Venons maintenant aux quatre mémoires mentionnés plus haut. Inutile de dire que la plupart des considérations auxquelles s’y livrent les auteurs ne sauraient être approuvées par un catholique ; aussi, je me garderai bien de reproduire même pour les réfuter, toutes les calomnies qu’elles contiennent contre l’Église romaine. Il n’y a rien d’étonnant que des hétérodoxes tiennent un tel langage à soit égard ; et c’est précisément ce qui donne de la portée à leurs protestations contre la mesure adoptée par le gouvernement. Ils sont unanimes à rejeter l’introduction du russe dans le culte catholique, tout en se montrant très-hostiles à la nation polonaise ; ils admettent également la nécessité de russifier le pays dont il s’agit, quoiqu’ils ne s’accordent pas sur les moyens d’atteindre ce but. Ainsi l’un d’eux conseille de supprimer le chant des catholiques en polonais et de le remplacer par le chant latin ! Un autre trouve que le chant est tout à fait inutile et même, anticanonique en quelque langue qu’on l’exécute. Ces divergences viennent de la diversité des points de vue auxquels se placent les auteurs des mémoires pour envisager la question. MM.  Samirine et Bezsonov considèrent l’usage du polonais comme la cause principale du mal et en demandent la suppression comme condition nécessaire à la russification du pays. MM.  Derevitski et Kouline placent la source du mal dans le catholicisme lui-même, dont le polonais, disent-ils, est inséparable. Quant aux motifs qu’ils font valoir contre l’introduction du russe dans l’Église catholique, on peut les réduire aux deux suivants : 1° le moyen choisi est inefficace ; 2° il est préjudiciable à la religion dominante de l’empire. Le premier de ces motifs nous fournira plus d’un argument en faveur de notre thèse ; quant au second, s’il ne la favorise pas, il n’a rien non plus qui présente une objection sérieuse, ainsi qu’on le verra plus loin.

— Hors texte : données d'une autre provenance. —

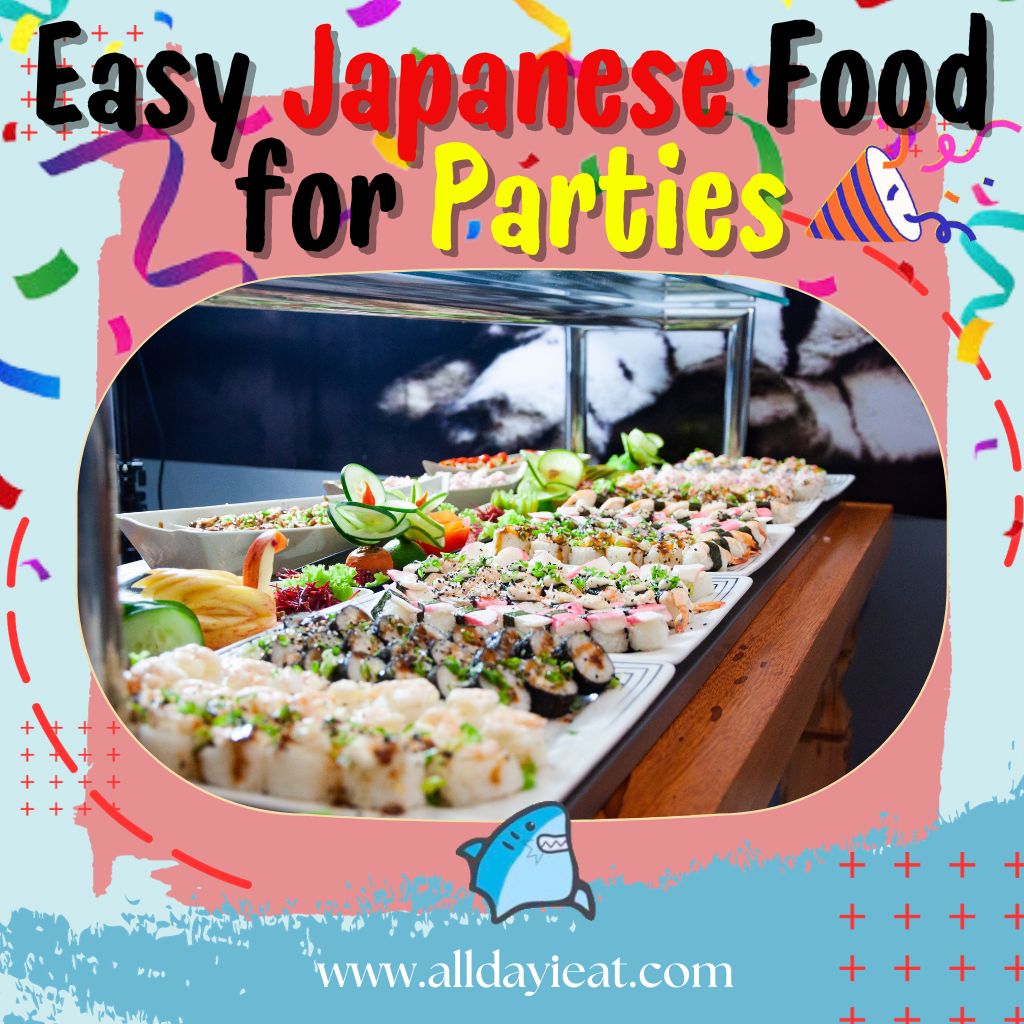 Easy Japanese Food for Parties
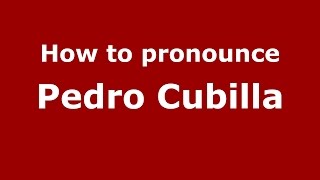 How to pronounce Pedro Cubilla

Avant d’entrer dans des détails, je dois indiquer la source où ont été puisées les données qu’on va lire. N’ayant pas, à mon grand regret, le texte original des quatre mémoires, il a fallu me contenter des citations qu’en a faites le Messager russe dans sa livraison de septembre 1867 (p. 316-392), où il en fait une critique aussi détaillée que partiale.

I. — Commençons par le mémoire de M. Samarine[1], portant la date du 7 mars 1866.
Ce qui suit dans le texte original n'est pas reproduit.